Forderung nach tragfähiger Lösung für AHV-Reform 2026
Auch der Schweizerische Arbeitgeberverband (SAV) begrüsste den Bundesgerichtsentscheid. Eine Annullierung hätte unverhältnismässigen Aufwand bedeutet und zahlreiche Fragen zum weiteren Vorgehen aufgeworfen, hiess es in einer Mitteilung. Weiter sei es im Sinne der Gleichberechtigung und der Lebenserwartung fair, wenn Frauen und Männer dasselbe offizielle Referenzalter haben.
Man erwarte vom Bundesrat nun eine tragfähige Lösung im Rahmen der AHV-Reform 2026, die eine realistische Erhöhung des Referenzalters gemäss Lebenserwartung vorsieht. Der Schweizerische Gewerbeverband (SGV) begrüsste den Entscheid ebenfalls.

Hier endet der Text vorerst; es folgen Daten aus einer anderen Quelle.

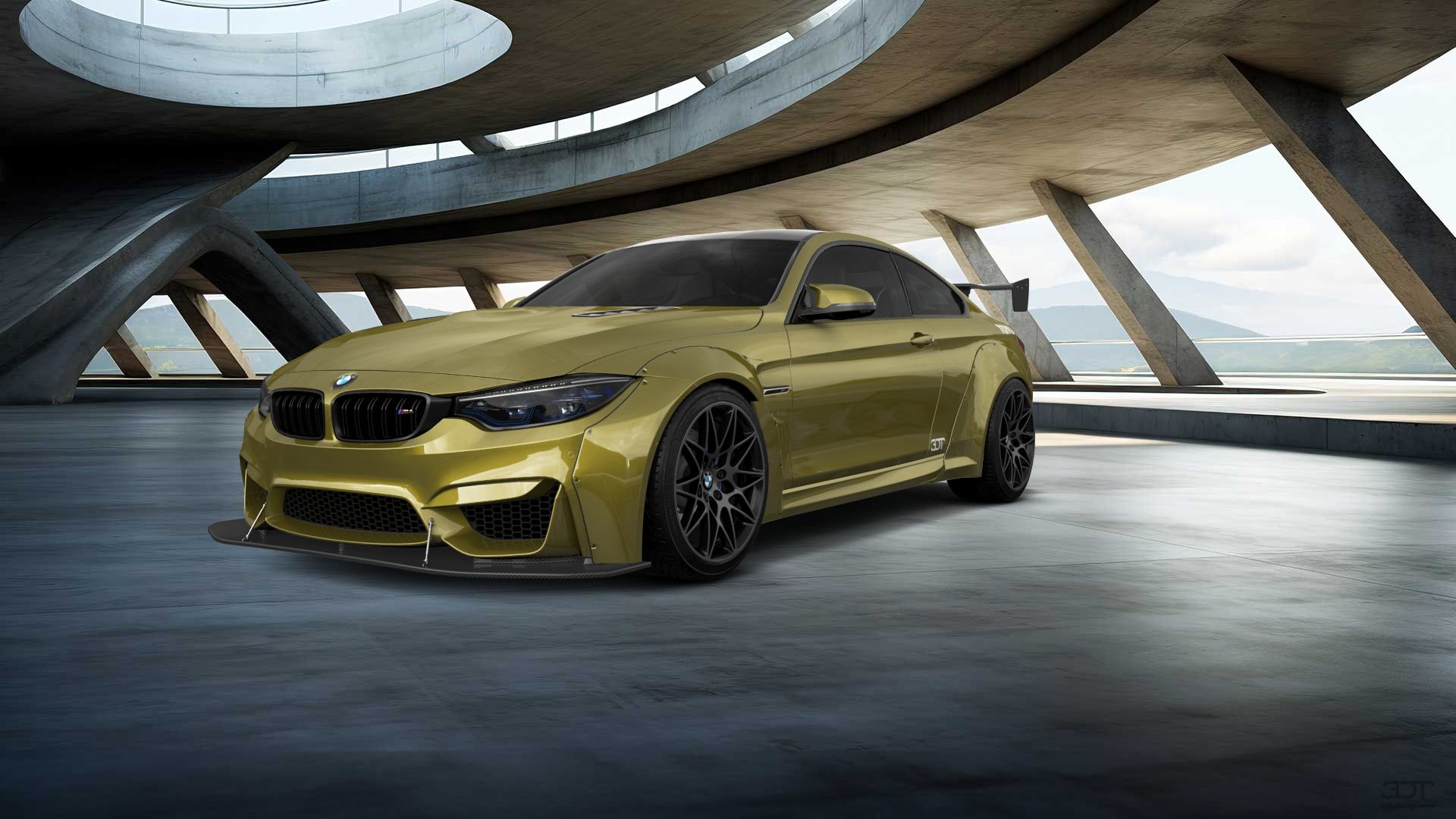 1920x1080 Modified BMW M4 2019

Er sei ein «wichtiger Schritt für den Fortbestand des Systems der Altersvorsorge in der Schweiz».
Bundesrat reagiert auf Urteilsentscheid
Der Bundesrat nahm den Urteilsentscheid zur Kenntnis. Er warte die ausführliche schriftliche Urteilsbegründung ab und werde die notwendigen Schlussfolgerungen ziehen, hiess es in einer Mitteilung. Die Korrektheit der Daten im gesetzgeberischen Prozess sei zentral für die Meinungs- und Entscheidungsfindung von Bundesrat, Parlament, Bevölkerung und politischen Akteuren, schrieb die Landesregierung weiter.
Zur Verbesserung und Sicherstellung verlässlicher Entscheidgrundlagen habe der Bundesrat die Eidgenössische Finanzkontrolle (EFK) angefragt, ein Mandat zur einmaligen Überprüfung der Qualitätssicherung der Daten, Prognosemodelle und Methodik anzunehmen.